One clue can be found in his bibliography — despite impressive documentation of his claims, his bibliography misses a rather obscure, to be sure, work by Walter Karp titled “Indispensable Enemies”.
This book attempts to answer the same question as Frank’s work does — why don't the US political parties represent the interests of their constituents? — but the answer it provides emphasizes the structure of the party system rather than the [moral] preferences of party leaders.
Karp’s explanation is a variant of what is known as Robert Michels’ “iron law of oligarchy” which in essence claims that...
Here it is.
the leadership of an institution is first and foremost concerned about its own power within the institution rather than the power of the institution itself.
In case of US political parties, the party bosses are more concerned with keeping their control of their respective parties than with winning elections, and they tacitly cooperate by excluding any challenge to their leadership by dividing up their respective turfs in which they maintain their respective monopolies.
Paradoxical as it may sound, such behavior is well known outside politics where it is referred to as oligopoly or niche seeking.
Karp’s thesis offers a much better explanation of the abandonment of the working class and middle class constituents by both parties than the preference for meritocracy claimed by Frank.

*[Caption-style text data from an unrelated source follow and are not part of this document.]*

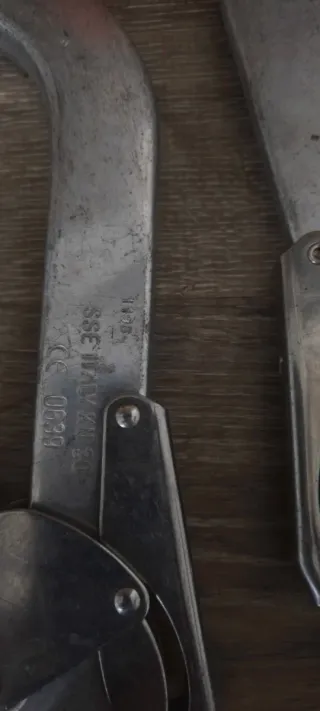 Mosquetón de seguridad con cuerda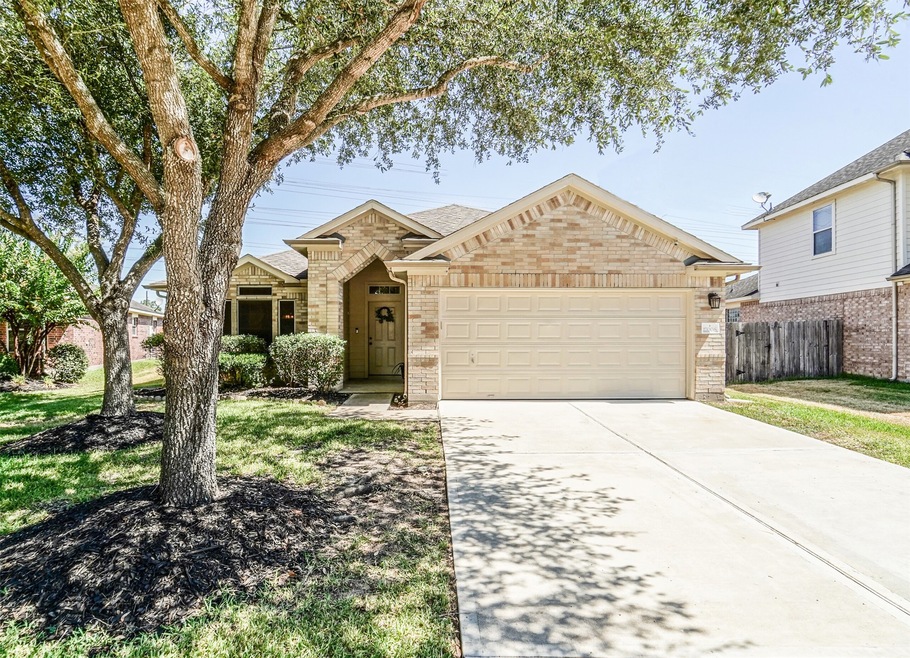 17006 Sperry Landing Dr, Houston, TX 77095 - photo 1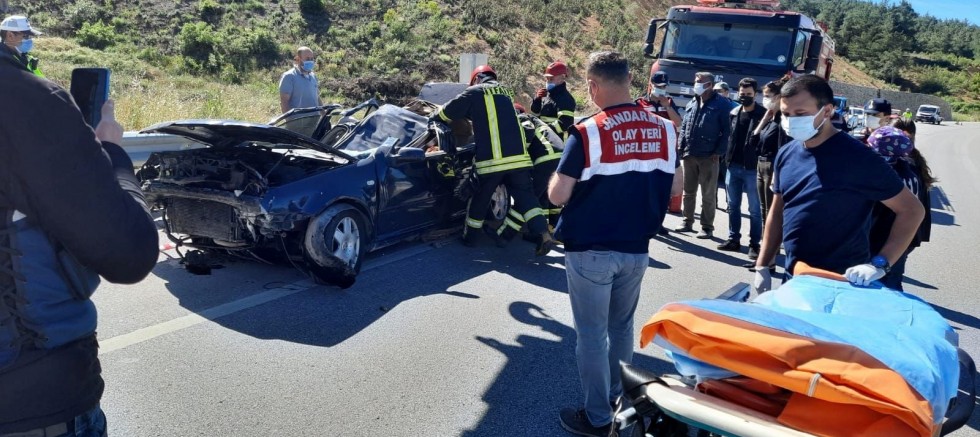 GEDİZ’DE TRAFİK KAZASI 1 ÖLÜ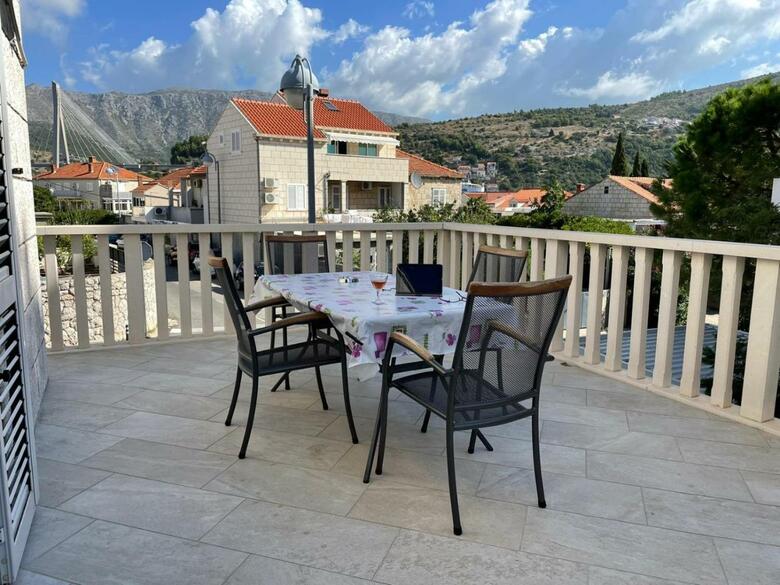Hostal Aida Apartments And Rooms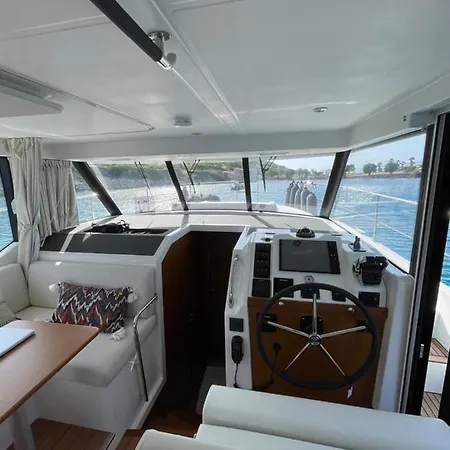 Renas Yacht Πλωτό κατάλυμα *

Even from Frank’s own account of the Democratic Party’s ‘soul searching’ in the aftermath of Humphrey’s defeat in 1968, it is evident that that the emerging party leadership was not afraid of losing a series of elections (McGovern, Mondale, Dukakis) before they could cement their hold on the party under Clinton.
Clearly, a party whose leadership’s main goal is to win elections would not make such a cardinal mistake as losing elections for 20 consecutive years by abandoning their core constituency.
Likewise, Obama’s abandonment of the “hope” promise led to a spectacular loss of both houses of Congress and numerous state legislatures, but that did not persuade the party leadership to change course.
Au contraire, they are determined to keep the course and undermine any challenge to the party leadership (cf. Sanders). This is not the behavior of a general who wants to win a war (cf. Robert E. Lee), but of one who wants to keep his position in his own army (cf. George McClellan).
That completes the interesting part. Here's the obligatory hope, which involves swapping out one set of ruling elites for another in the Democratic Party.
Taking into account Karp’s explanation of partisan politics would also offer a far more dramatic finale for Frank’s book. Instead pleading for a moral change in the existing party leadership, a more effective solution would be to replace that leadership with a new one by using the same gambit of counter-scheduling as Clinton did against labor, and voting against Hillary Clinton in November.
That would surely result in the electoral loss for the Democrats in the coming election, but it would certainly help to wrest control of the party from the leaders who “betrayed” their main constituents.
Perhaps this is not the road that Frank, and many life-long Democrats for that matter, are willing to travel, but it certainly makes a better and more uplifting story — one that gives the downtrodden masses, whose side Frank takes, a promise of doing something about the problem instead of pleading to their superiors, hat in hand, for a change of heart.
Don't hold you breath waiting for a "change of heart."
Have a nice weekend.
That was a good review. I sometimes enjoy book reviews more than the books themselves. But I did read some of Frank's book. From what I read, most of it was depressingly familiar material. It's a decent book about liberalism by a liberal. But I think we ultimately need to be thinking further outside the box and most definitely we need to question our long held assumptions. I've been trying to shake up my own thinking lately.